Rather than recognize the different types of records the courts maintain — case files, deliberative work product, court performance and administrative records — the rules conflate all records into a one-size-fits-all proposal that places a heavy thumb on the scale in favor of confidentiality over the public’s right of accountability.
Where FOIA begins with a lofty policy statement that rejects secrecy, mandates interpretation “to promote an increased awareness of . . . governmental activities,” and celebrates the public as “the beneficiary of any action taken at any level of government,” the new rules exist to “protect privacy, confidentiality, the administration of justice and the best interest of the commonwealth” while giving the public “reasonable access.”
Where FOIA presumes that records are open, the new rules say the records of judicial officers (judges) “are not publicly accessible.” None of them. Zero. But just to make sure you get the picture, there follows a list 10 types of records that are definitely not open to the public, including “communications among court personnel . . . and among judicial officers.”
FOIA would look at communications among staff and decide, based on content, whether they had to be released. But here, communications, including a letter written by a judge with his business card, would not be publicly accessible.
That embargo extends to the OES, too.
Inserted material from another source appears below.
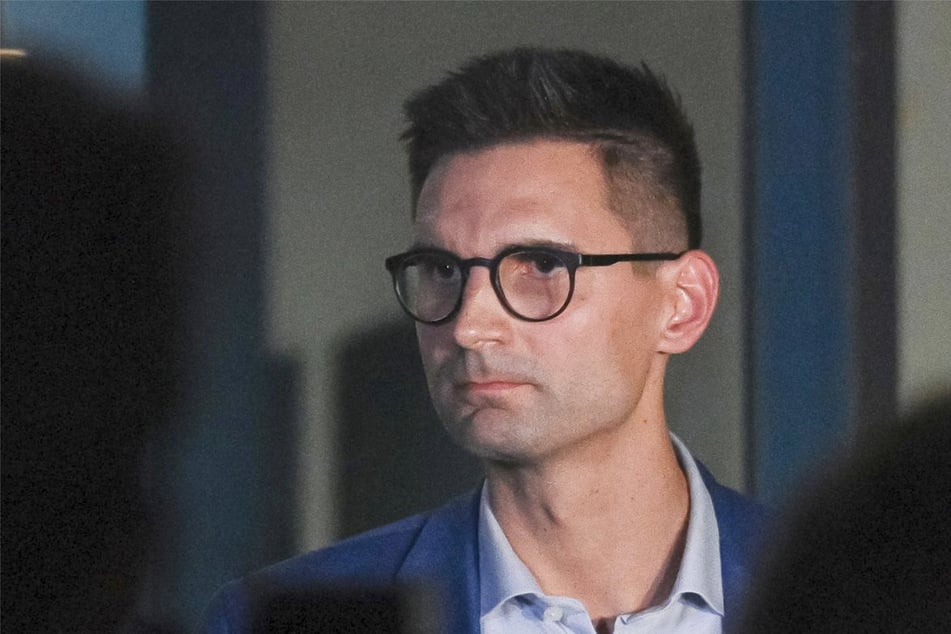 CDU-Mann Sepp Müller (37) verteidigte das Vorhaben der CDU, bei der Wahl des Ministerpräsidenten in Sachsen-Anhalt den Saal zu verlassen. (Archivfoto)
Despite the fact that the OES was created by the legislature, is publicly funded and handles the day-to-day operations of the court system, communications among people in that office would be off-limits under the new rules.
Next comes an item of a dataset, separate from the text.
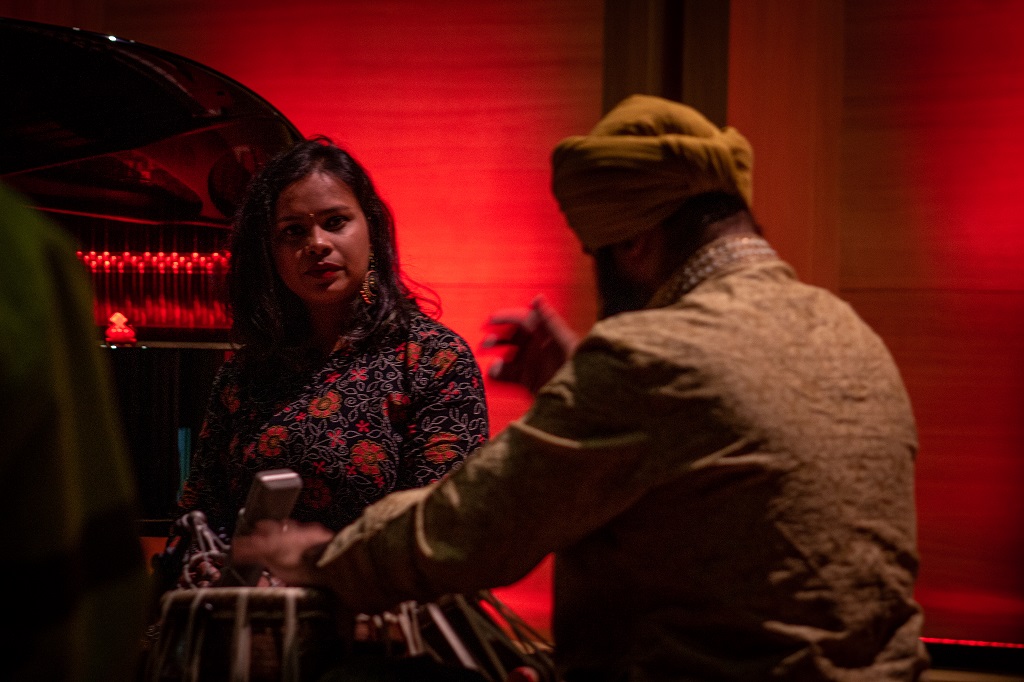 Saanjh performing A Woman's Journey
The new rules give a nod to making “financial records” available. These include “but [are] not limited to” travel vouchers, purchase orders and payments to certain positions. They also say that statistical information, some policies and court forms will be available. But that’s it, and without establishing that other records are presumptively open, what follows is another long list of items that will not be available.
There are a whole lot of records that don’t fall into any of these categories: contracts of all sorts, fire inspection reports, telephone long distance billing records, logs of government car use, lunch receipts submitted for reimbursement, backup tape inventories, risk management/insurance claims, meeting agendas, court construction feasibility studies or office renovation sketches, like ones obtained by the West Virginia TV station. Would some of these be characterized as financial records and released? Or would some be characterized as “infrastructure records” that expose security vulnerabilities of “building security, personnel, recordkeeping, information technology, communication, electrical, fire suppression, ventilation, water, wastewater, sewage, and gas systems”?
We are frequently told that there is a wealth of information about the courts on the court website. The outdated website is difficult to navigate, but more problematic is the fact that accountability isn’t achieved simply by proactively disclosing information the government has decided it’s OK for the public to see. Instead, true transparency comes from disclosing records that a citizen, reporter or even another government employee has determined for him/herself as being necessary to understanding the who, what, when, where and why of government actions and operations.
If the Supreme Court wanted to protected judicial deliberations, it could do that, while leaving access to administrative records open under FOIA. If there was concern that the doctrine of separation of powers barred application of FOIA to any of the courts’ records, it could have issued rules that mirror FOIA’s procedures and exemptions. But that’s not what’s happened.
The courts need to acknowledge that being a separate branch of government does not mean that there is a separate duty from that which applies to the executive and legislative branches to be open and accountable to the public they all serve.
Views of columnists are their own and do not necessarily reflect those of the Virginia Mercury.